19/06/2018 Mise à jour    : 19 juin 2018 | 15:39

Un projet immobilier controversé adopté

Par Justine Gravel

Un immeuble commercial de six étages verra le jour au 1720, rue du Canal dans Pointe-Saint-Charles au grand dam des voisins de la future construction. Malgré leurs efforts et ceux de l’arrondissement, plusieurs déplorent que les modifications demandées pour préserver la verdure et réduire la taille du bâtiment soient absentes du projet.

Au dernier conseil d’arrondissement, les élus ont donné le feu vert au promoteur Groupe Mach pour l’immeuble qui accueillera l’entreprise de location de logements Airbnb.

Le projet, préalablement autorisé en 2010 puis modifié en 2012, a fait l’objet de nombreuses contestations au cours des dernières semaines, particulièrement quant au fait que les nouveaux plans rapprochaient de 11 m la future construction du Corticelli, la tour à condos voisine.
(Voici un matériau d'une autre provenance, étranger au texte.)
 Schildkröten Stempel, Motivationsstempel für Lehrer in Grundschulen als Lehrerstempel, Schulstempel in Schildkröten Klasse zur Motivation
Cette augmentation de la superficie de l’immeuble était d’autant plus contestée puisqu’elle menaçait directement la survie de onze érables de Norvège matures.

Plusieurs rencontres menées entre l’arrondissement, les résidents du Corticelli et le Group Mach ont donné lieu à quelques améliorations, soit une réduction de la superficie de 2,5 m par 4 m et la conservation de sept des onze arbres. S’il advenait que ces feuillus soient endommagés, le promoteur devrait débourser 300 000$ à l’arrondissement en vertu d’une lettre de garantie signée.

Ces changements s’avèrent toutefois insuffisants selon plusieurs copropriétaires. «L’immeuble est encore beaucoup trop près. J’ai acheté ce condo pour l’emplacement et maintenant la vue que j’aurai de ma fenêtre c’est une bâtisse», déplore un résident du Corticelli, Michel Comeau.

Verdure
M. Comeau souhaiterait également que les quatre autres érables de Norvège soient sauvés. «Ça prend 50 ans avant d’avoir des arbres de cette grosseur, fait-il savoir. Ils pourraient créer un écran végétal entre un lieu résidentiel et un milieu commercial, où il y aura sûrement des lumières 24h sur 24h, parce que c’est Airbnb.»

Le maire du Sud-Ouest, Benoit Dorais, concède qu’il est dommage que des arbres en santé soient abattus. Il souhaite d’ailleurs renforcir le règlement à cet effet, afin que ce genre d’événement ne se reproduise plus.

«La réglementation actuelle autorise de couper des arbres en santé dans le cadre d’un projet immobilier. Nous voulons revoir la réglementation de manière à être plus sévères en demandant de modifier l’implantation du bâtiment pour conserver les arbres», explique-t-il.

Anti-démocratique?
Selon une autre copropriétaire du Corticelli, Louise Bédard, le fait de ne pas avoir dévoilé le nouveau projet de 2012 publiquement et de ne pas pouvoir le contester est une pratique antidémocratique.

«Il en ressort l’impression persistante qu’une autorisation donnée à un promoteur est toujours irréversible alors qu’une obligation émise à un promoteur dans le cadre de la même entente demeure toujours négociable par ce dernier. Le promoteur n’a-t-il pas un poids démesuré dans notre arrondissement? Je suis d’avis que oui», déplore-t-elle, dans un courriel remis aux élus, dont La Voix Pop a obtenu copie.

En attendant que le permis de construction soit octroyé, les copropriétaires du Corticelli poursuivent leurs négociations avec le promoteur à propos de la conservation des quatre autres arbres matures, la superficie du bâtiment et le stationnement.

Le Group Mach n’a pas répondu aux demandes de La Voix Pop.